Unroot, stock, VZW store?


----------



## nocoast (Oct 17, 2011)

your 906w_2 is missing. You need to flash BOTH radios from the same set...so no you did not fry your radio, you just flashed things improperly...(again this is a diagnosis using the info you've given me...I doubt its a hardware failure) Additionally, your green bars are lit up bro...


----------



## brajonrondo (Jul 23, 2011)

I think nocoast is right and to add to that there was a data outage yesterday here in Seattle that may have been in other places as well, but as of now the network is back up and running and I am getting those 20mbps speeds I haven't seen since June


----------



## gfro9191 (Jul 25, 2011)

nocoast said:


> your 906w_2 is missing. You need to flash BOTH radios from the same set...so no you did not fry your radio, you just flashed things improperly...(again this is a diagnosis using the info you've given me...I doubt its a hardware failure) Additionally, your green bars are lit up bro...

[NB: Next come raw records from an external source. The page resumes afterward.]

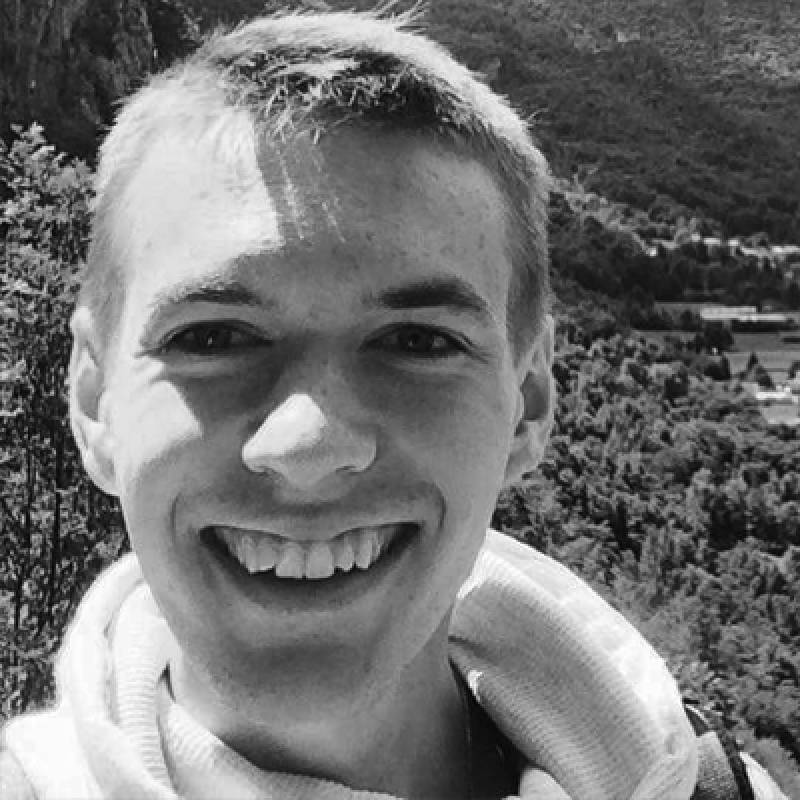 Gatis Jānis Saknītis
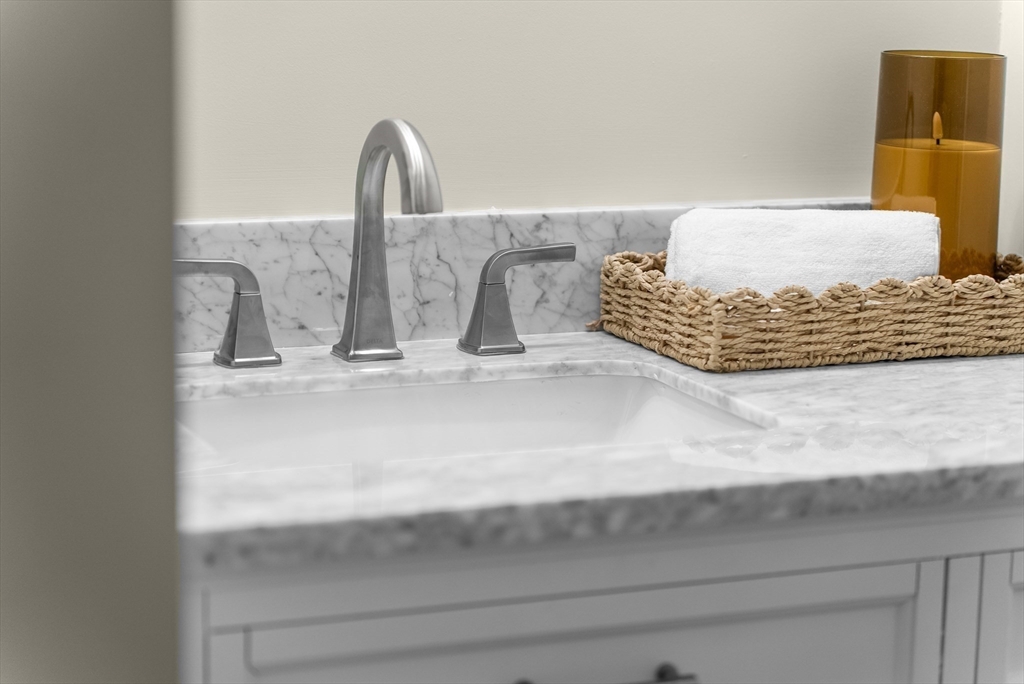 157-159 State Street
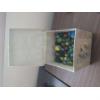 Image 2 : Colosal Box Of Vintage Marbles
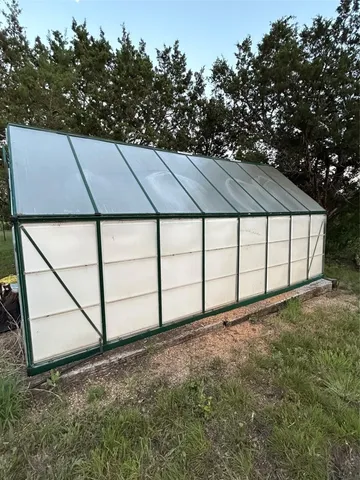 $1,150,000 | 442 County Road 442, Goldthwaite, TX 76844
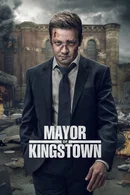 Affiche de Saison 2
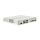 Switch Cisco Catalyst WS-C3560CX-8PC-S, 8 porturi, PoE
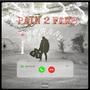 Pain 2 Fame (Explicit)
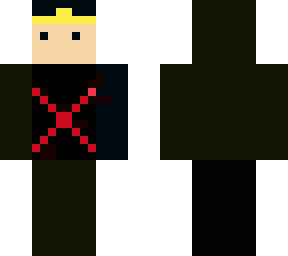 xtremealix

This would be true if I wasn't getting 4G 2 days ago. I was getting 4G until yesterday which is when I took that screenshot. That was taken before I reflashed both radios. I was getting green bars before I reflashed the radio, but since then I haven't. I reflashed it and it looks like this now...


----------



## gfro9191 (Jul 25, 2011)

brajonrondo said:


> I think nocoast is right and to add to that there was a data outage yesterday here in Seattle that may have been in other places as well, but as of now the network is back up and running and I am getting those 20mbps speeds I haven't seen since June


I don't know. Maybe 4G is out in my area.


----------



## elliott35 (Jul 17, 2011)

I would say reflash everything and maybe try an older version of the radio... Also get a different kernel lol


----------



## gfro9191 (Jul 25, 2011)

elliott35 said:


> I would say reflash everything and maybe try an older version of the radio... Also get a different kernel lol


Definitely going to try an older radio.

I think its hardware because I use bootmanager and switched to Sense with the same result.


----------



## elliott35 (Jul 17, 2011)

I dont think you killed the radio hardware that would be really hard to do if not impossible


----------



## gfro9191 (Jul 25, 2011)

elliott35 said:


> I dont think you killed the radio hardware that would be really hard to do if not impossible


But there's no 4G! And I have the correct radios as you can see ffrom previous screenshots ^^^^

About to go to a Verizon store to see it their thunderbolt has 4G.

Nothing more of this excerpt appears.